Five years ago, dockless shared electric scooters began showing up nationwide. The motorized transports became immediately popular with the younger set as a way to avoid traffic jams and help with the climate change difficulty.
One year in, Bird, the largest manufacturer, skyrocketed in value from $300 million to $2 billion. However, the attention they received took a different form. Many described the e-scooters as “flimsy,” with an average life span of less than one month, a contention that the company disputes with claims of up to four months.
Bird’s image also took a hit when users were reporting battery fires and brake failures, a story that the media could not resist. By August of 2018, the company’s CEO unloaded millions in his own company’s stock.
A potential new era?
The looming shadow over electric scooters remains, even with more than 200 brands. Even though they account for a minuscule number of travelers, injuries have skyrocketed with bans imposed by officials in many high-profile cities, including Manhattan. Other areas are looking to rid themselves of the risky transports.
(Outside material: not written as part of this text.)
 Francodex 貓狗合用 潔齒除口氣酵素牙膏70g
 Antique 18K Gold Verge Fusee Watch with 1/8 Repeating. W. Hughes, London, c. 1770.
Various companies are stepping forward to change the image of e-scootering, claiming a focus on safety via cutting-edge technology. New models are noticeably bulkier. However, features include an automatic shutdown of the engine when the scooter operator hops onto a curb, veers back and forth dangerously, or travels the wrong way on a one-way street.
E-scooters have traveled a rough road in safety and acceptance. Continued tinkering and learning from past mistakes may make a difference. However, accidents will still occur, resulting in injuries caused by negligent operation or product defects.